> **ASSIGNED TASK**: Please take the records that follow and repeat exactly the lines starting with the line with "অ্যাম্বুলেন্সে আধ ঘণ্টা ছটফট করলেন ম" and going on through the line with "Schlafzimmer von Einfamilien-Reihenhaus".

--------------------------------------------------

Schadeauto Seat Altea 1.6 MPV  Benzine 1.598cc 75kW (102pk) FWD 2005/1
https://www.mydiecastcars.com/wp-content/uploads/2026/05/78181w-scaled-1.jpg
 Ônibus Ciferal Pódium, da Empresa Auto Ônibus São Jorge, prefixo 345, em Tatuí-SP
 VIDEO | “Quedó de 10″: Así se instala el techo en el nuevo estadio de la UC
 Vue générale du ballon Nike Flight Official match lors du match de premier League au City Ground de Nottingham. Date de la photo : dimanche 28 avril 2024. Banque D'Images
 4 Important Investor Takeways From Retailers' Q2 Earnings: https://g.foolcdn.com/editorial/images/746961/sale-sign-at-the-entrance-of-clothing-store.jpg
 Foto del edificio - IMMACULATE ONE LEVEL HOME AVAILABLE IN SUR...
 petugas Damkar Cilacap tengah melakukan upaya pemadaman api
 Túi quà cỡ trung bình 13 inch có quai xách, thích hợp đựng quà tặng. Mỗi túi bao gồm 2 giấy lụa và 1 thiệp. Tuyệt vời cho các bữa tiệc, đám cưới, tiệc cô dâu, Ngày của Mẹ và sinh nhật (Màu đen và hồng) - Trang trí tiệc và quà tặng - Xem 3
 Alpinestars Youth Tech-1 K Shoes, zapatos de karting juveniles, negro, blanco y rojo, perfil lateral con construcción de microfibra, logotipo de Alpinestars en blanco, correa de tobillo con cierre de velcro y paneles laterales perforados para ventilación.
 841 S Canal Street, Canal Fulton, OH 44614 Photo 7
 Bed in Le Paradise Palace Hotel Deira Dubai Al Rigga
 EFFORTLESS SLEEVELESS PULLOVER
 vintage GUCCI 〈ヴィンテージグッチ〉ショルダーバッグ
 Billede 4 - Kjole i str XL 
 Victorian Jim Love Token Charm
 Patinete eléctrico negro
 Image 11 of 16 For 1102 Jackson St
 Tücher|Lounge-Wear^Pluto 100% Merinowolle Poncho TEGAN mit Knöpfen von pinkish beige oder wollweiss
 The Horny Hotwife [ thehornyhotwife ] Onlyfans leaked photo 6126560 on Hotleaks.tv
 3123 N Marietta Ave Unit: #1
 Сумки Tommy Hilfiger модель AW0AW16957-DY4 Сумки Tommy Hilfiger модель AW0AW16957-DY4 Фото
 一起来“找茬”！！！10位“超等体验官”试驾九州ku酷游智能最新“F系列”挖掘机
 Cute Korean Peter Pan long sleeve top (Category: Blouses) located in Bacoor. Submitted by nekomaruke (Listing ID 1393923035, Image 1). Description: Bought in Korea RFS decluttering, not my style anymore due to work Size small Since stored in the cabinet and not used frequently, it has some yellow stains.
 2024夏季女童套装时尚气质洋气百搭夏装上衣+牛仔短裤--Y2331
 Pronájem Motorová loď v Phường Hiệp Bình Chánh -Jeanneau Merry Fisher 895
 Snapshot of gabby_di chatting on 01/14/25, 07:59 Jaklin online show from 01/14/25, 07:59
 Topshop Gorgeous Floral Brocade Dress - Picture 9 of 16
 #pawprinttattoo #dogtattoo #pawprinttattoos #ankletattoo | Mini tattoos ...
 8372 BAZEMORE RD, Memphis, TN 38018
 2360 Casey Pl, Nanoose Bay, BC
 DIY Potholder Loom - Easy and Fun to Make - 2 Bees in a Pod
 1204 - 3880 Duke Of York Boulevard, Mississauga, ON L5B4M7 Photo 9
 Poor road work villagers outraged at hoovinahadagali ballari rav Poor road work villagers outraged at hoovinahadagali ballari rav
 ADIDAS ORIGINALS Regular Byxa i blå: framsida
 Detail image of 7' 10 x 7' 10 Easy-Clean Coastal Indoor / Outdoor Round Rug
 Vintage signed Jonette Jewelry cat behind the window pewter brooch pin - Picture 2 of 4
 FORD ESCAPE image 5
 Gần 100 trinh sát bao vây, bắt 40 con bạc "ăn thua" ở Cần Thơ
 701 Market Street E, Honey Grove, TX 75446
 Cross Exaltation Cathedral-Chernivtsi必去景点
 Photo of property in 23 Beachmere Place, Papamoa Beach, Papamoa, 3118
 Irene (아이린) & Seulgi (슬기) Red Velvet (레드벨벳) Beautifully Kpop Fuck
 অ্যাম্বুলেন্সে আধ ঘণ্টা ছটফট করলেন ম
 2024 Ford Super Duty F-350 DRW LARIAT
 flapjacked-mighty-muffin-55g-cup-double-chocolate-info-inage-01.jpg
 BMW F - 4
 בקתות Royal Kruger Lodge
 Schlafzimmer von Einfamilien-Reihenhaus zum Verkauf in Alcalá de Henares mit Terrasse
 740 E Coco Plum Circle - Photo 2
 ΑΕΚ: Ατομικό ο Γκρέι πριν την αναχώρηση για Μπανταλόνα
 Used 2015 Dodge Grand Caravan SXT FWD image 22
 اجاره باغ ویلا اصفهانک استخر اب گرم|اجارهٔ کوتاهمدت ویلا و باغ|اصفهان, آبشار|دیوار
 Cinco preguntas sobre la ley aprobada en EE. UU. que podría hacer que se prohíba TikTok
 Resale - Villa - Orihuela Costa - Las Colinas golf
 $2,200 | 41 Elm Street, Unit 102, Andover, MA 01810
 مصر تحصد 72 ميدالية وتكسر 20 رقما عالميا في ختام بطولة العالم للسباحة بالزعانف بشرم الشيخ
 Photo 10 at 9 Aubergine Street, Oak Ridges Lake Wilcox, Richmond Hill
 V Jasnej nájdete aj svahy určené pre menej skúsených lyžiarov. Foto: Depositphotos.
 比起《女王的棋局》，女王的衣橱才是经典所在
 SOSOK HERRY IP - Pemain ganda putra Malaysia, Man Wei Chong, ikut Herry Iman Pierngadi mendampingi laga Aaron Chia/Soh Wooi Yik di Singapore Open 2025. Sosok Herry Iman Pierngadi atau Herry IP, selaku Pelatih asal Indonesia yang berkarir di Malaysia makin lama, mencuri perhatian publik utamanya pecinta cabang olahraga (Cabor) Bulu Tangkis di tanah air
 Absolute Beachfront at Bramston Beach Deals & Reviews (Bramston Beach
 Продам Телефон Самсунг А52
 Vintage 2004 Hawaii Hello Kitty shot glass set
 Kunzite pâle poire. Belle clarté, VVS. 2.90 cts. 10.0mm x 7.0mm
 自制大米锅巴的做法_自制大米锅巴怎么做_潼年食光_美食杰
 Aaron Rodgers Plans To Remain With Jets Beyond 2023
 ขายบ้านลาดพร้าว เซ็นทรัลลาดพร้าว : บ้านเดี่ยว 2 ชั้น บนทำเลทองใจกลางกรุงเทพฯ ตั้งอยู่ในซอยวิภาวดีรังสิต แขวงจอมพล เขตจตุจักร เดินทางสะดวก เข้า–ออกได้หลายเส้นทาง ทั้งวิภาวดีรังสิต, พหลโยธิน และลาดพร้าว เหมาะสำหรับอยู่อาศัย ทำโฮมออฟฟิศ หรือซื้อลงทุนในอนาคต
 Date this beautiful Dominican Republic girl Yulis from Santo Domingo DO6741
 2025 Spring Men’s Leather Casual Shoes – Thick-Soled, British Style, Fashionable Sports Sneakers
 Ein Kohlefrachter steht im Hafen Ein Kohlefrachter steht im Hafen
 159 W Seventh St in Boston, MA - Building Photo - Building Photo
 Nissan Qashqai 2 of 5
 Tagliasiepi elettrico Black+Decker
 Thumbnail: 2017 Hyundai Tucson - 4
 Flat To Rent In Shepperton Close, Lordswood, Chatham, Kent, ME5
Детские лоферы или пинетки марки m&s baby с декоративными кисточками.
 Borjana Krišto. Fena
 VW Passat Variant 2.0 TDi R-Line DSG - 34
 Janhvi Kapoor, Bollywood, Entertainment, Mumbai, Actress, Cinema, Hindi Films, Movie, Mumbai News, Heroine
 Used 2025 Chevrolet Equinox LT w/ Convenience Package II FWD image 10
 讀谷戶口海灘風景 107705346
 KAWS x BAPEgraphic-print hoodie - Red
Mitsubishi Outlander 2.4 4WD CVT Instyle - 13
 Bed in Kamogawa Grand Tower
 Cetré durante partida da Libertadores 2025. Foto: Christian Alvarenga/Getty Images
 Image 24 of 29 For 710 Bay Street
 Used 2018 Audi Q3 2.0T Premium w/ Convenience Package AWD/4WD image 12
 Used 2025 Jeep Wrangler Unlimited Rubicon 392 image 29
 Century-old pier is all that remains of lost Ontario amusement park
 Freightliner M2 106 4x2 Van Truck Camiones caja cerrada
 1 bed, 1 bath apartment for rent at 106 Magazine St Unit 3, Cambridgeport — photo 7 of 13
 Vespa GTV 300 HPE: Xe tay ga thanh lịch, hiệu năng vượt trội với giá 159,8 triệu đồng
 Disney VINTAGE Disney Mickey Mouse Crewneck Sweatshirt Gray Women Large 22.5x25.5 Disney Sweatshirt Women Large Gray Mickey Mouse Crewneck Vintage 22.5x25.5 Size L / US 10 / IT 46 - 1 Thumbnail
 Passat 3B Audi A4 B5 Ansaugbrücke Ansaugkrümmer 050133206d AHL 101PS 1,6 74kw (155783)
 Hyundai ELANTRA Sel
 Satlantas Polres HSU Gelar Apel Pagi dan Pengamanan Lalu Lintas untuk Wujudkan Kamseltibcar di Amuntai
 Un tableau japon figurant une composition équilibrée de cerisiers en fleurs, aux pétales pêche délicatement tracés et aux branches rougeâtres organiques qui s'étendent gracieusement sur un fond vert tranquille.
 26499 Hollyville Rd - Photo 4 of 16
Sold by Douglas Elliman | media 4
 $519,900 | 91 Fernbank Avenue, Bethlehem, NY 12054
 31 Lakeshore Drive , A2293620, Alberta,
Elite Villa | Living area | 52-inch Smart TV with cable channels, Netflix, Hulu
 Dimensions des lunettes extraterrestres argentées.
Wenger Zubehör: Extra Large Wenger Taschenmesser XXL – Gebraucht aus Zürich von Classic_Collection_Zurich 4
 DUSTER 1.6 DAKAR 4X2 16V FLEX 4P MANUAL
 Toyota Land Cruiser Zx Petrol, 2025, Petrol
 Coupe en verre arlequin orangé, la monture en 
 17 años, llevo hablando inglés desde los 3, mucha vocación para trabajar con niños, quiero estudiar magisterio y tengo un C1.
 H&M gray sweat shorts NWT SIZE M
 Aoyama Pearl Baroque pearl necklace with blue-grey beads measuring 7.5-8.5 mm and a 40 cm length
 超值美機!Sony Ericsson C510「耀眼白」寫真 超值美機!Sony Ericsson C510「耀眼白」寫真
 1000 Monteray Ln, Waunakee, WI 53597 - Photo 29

--------------------------------------------------

> **SOLVED EXERCISE**:
 অ্যাম্বুলেন্সে আধ ঘণ্টা ছটফট করলেন ম
 2024 Ford Super Duty F-350 DRW LARIAT
 flapjacked-mighty-muffin-55g-cup-double-chocolate-info-inage-01.jpg
 BMW F - 4
 בקתות Royal Kruger Lodge
 Schlafzimmer von Einfamilien-Reihenhaus zum Verkauf in Alcalá de Henares mit Terrasse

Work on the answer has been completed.